Updated

The Supreme Court refused Monday to get involved in a fight over a Jesus poster that a New York kindergarten student submitted for a class assignment on ways to save the environment.

The Baldwinsville Central School District in suburban Syracuse wanted justices to stop a lawsuit filed by Antonio Peck and his parents, who claim his free-speech rights were violated when school officials censored his poster.

The justices' action leaves in place an appeals court ruling that requires a trial to determine whether Antonio's rights were violated when school officials obscured a robed figure in the boy's poster in displaying it at a school assembly in 1999.

The New York-based 2nd U.S. Circuit Court of Appeals had agreed with the school district that there was no evidence to suggest teachers or administrators had acted with hostility toward religion when they folded Antonio's poster in half.

And the appeals court found that Antonio's poster was not responsive to his teacher's assignment to "save the environment" by depicting trash collection and conservation efforts.
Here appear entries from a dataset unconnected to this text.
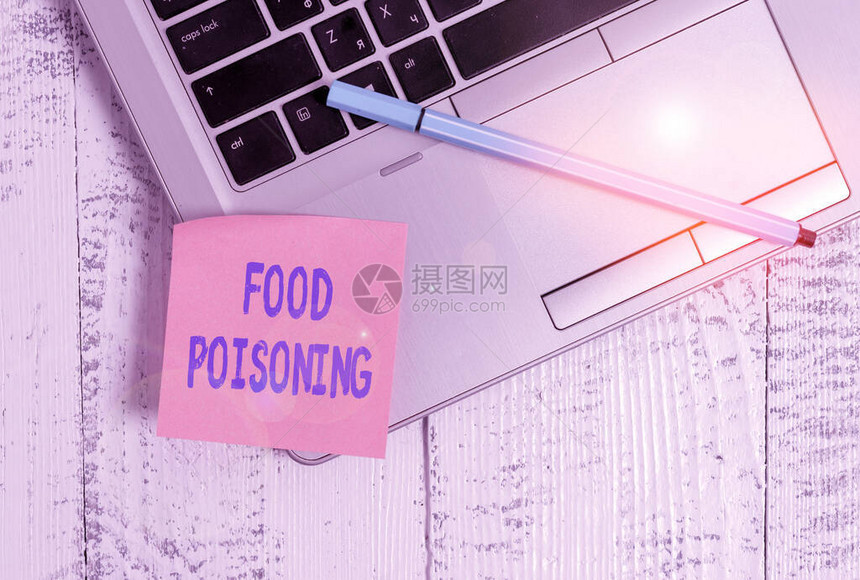 手写文本食物中毒概念照片由食物中的细菌或其他毒素引起的疾病时尚纤薄的银色金属笔记本电脑空白粘垫笔躺图片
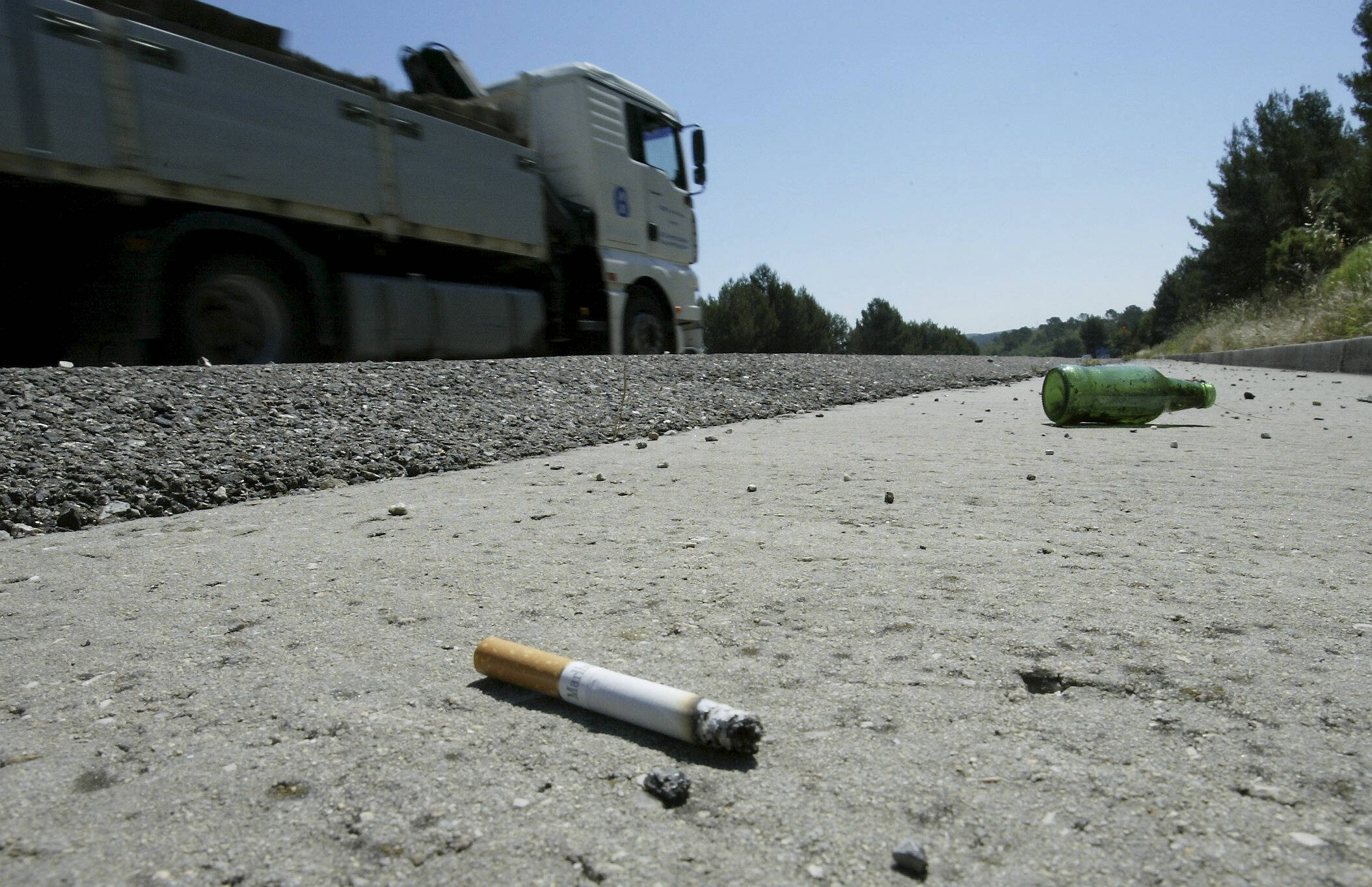 Un conducteur sur cinq jette encore ses déchets par la fenêtre en voiture: voici trois bonnes pratiques à adopter
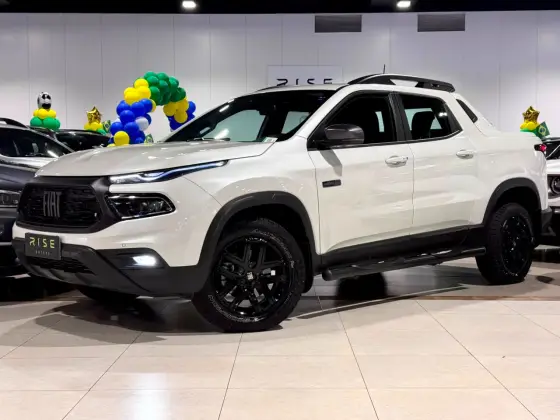FIAT TORO 2.0 16V TURBO DIESEL ULTRA 4WD AT9 FIAT TORO 2.0 16V TURBO DIESEL ULTRA 4WD AT9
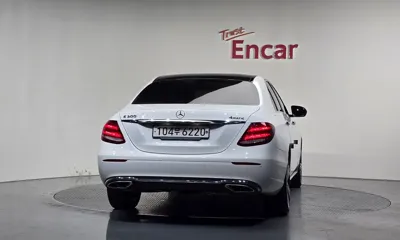 Mercedes-Benz E-Class 2018, 52109 км, за 15276.6 USD - фото 4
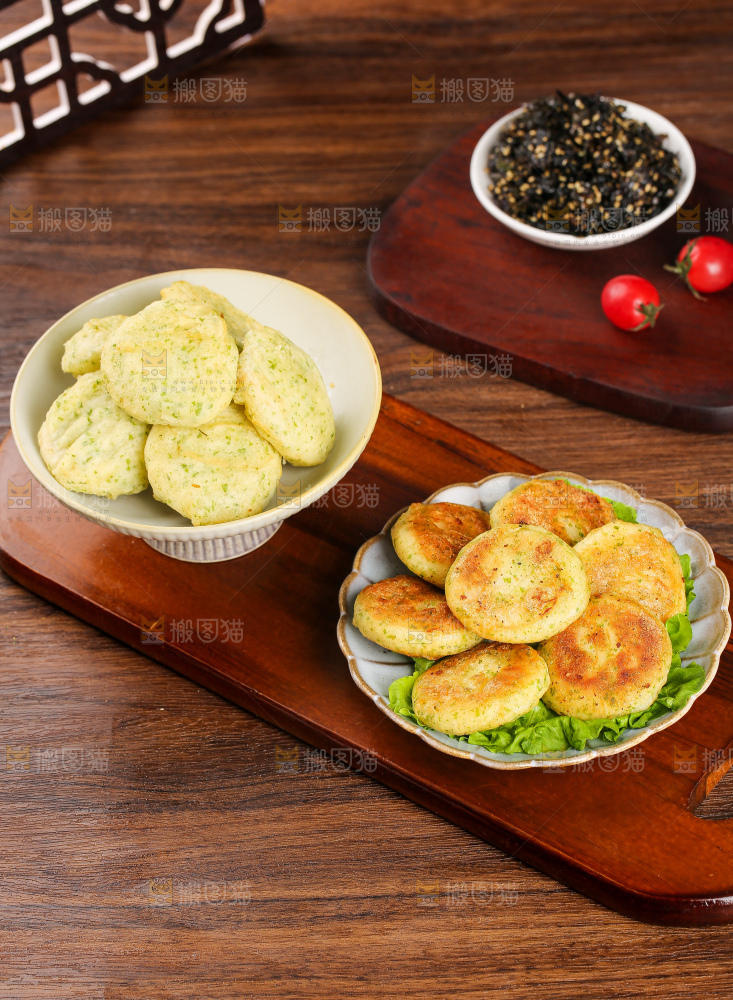 深底上的鳕鱼鲜虾饼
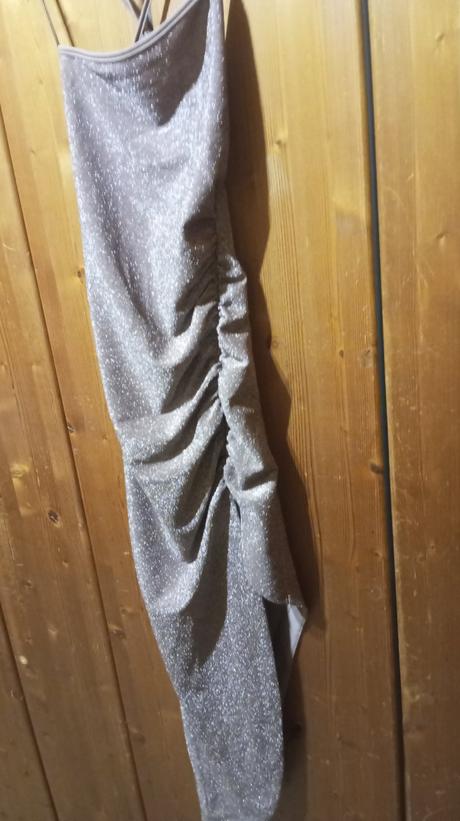 Trblietavé sexi šaty shein, s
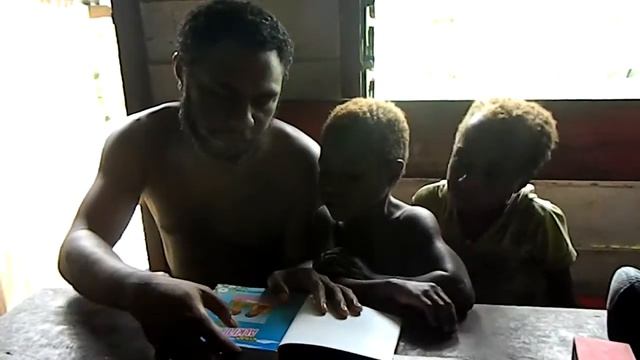 Korowai PAPUA KOPKEDAT,Saat mengajar Kedua Adik,Paulus dan Kalepin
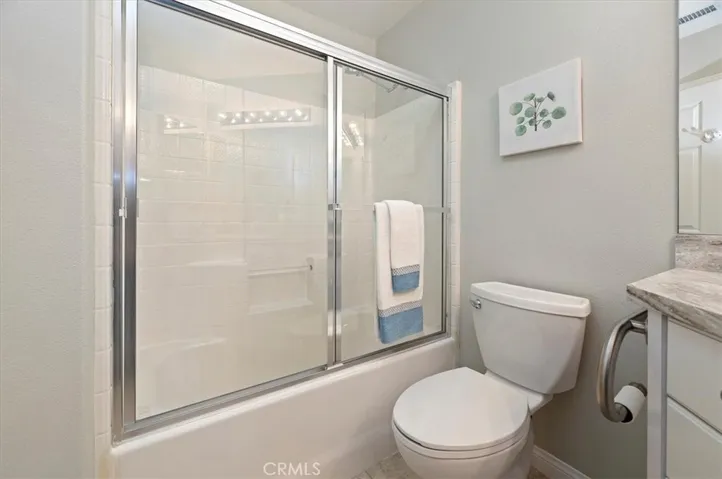 Guest bathroom with tub/shower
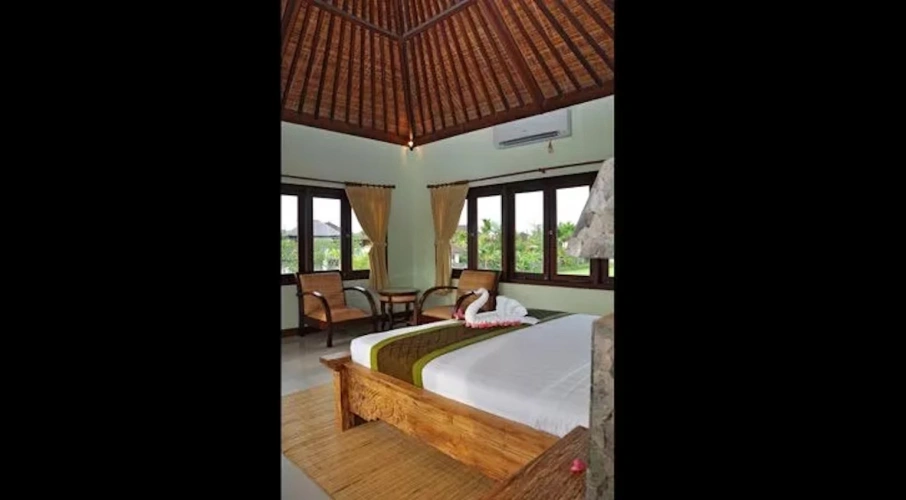 2 Bedrooms Villa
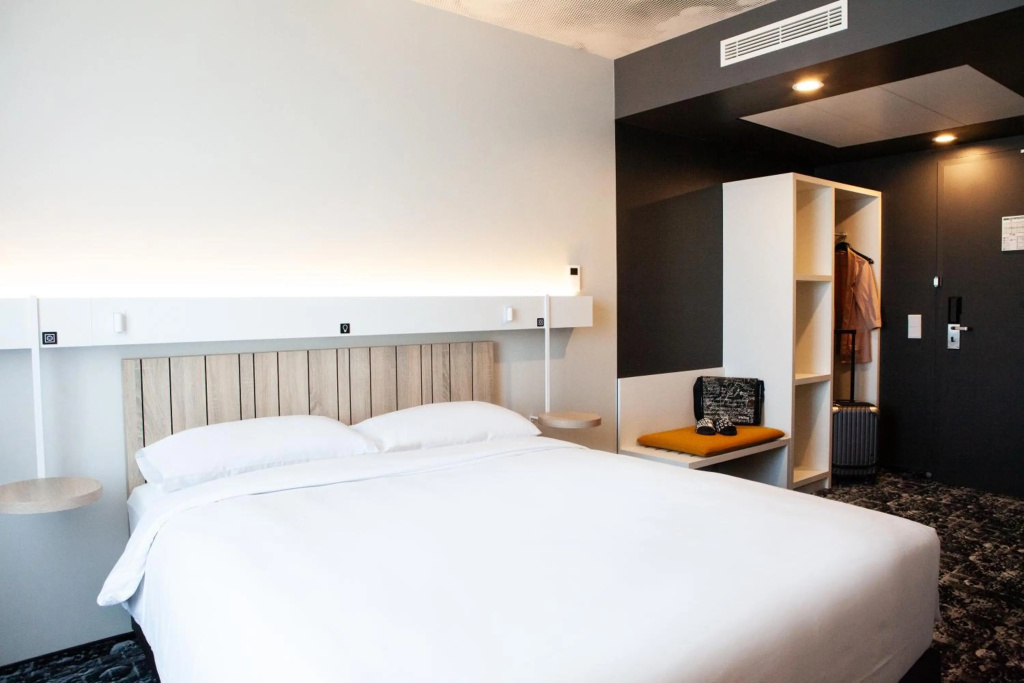 Ibis Berlin Airport — photo 6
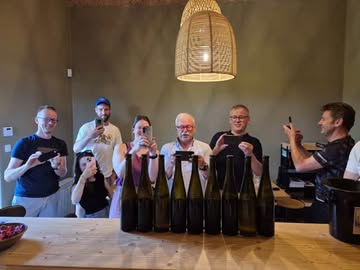 We hadden een heerlijke groep mensen op bezoek vadaag😊
Heel erg dankbaar om ons verhaal te delen🍇🍇🍇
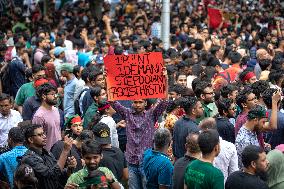 Students Renew Bangladesh Protests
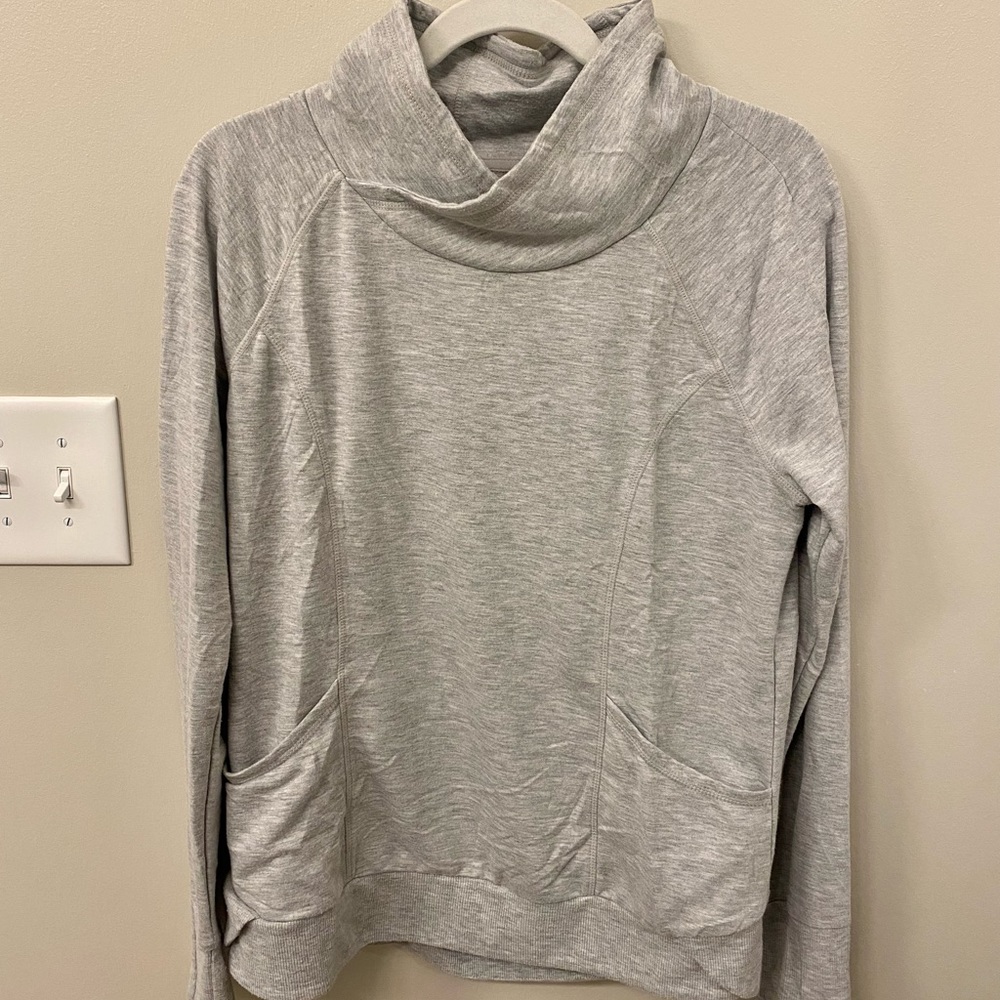 Athletic Pullover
But the appellate court said a trial must be held to determine whether Antonio's free-speech rights were violated because his poster was censored by the district's viewpoint on religion.

Antonio, now in the sixth grade, received considerable help from his mother, JoAnne, with two posters, the first of which was rejected because it did not depict any conservation efforts to save the environment.

The case is Baldwinsville Central School District v. Peck, 05-899.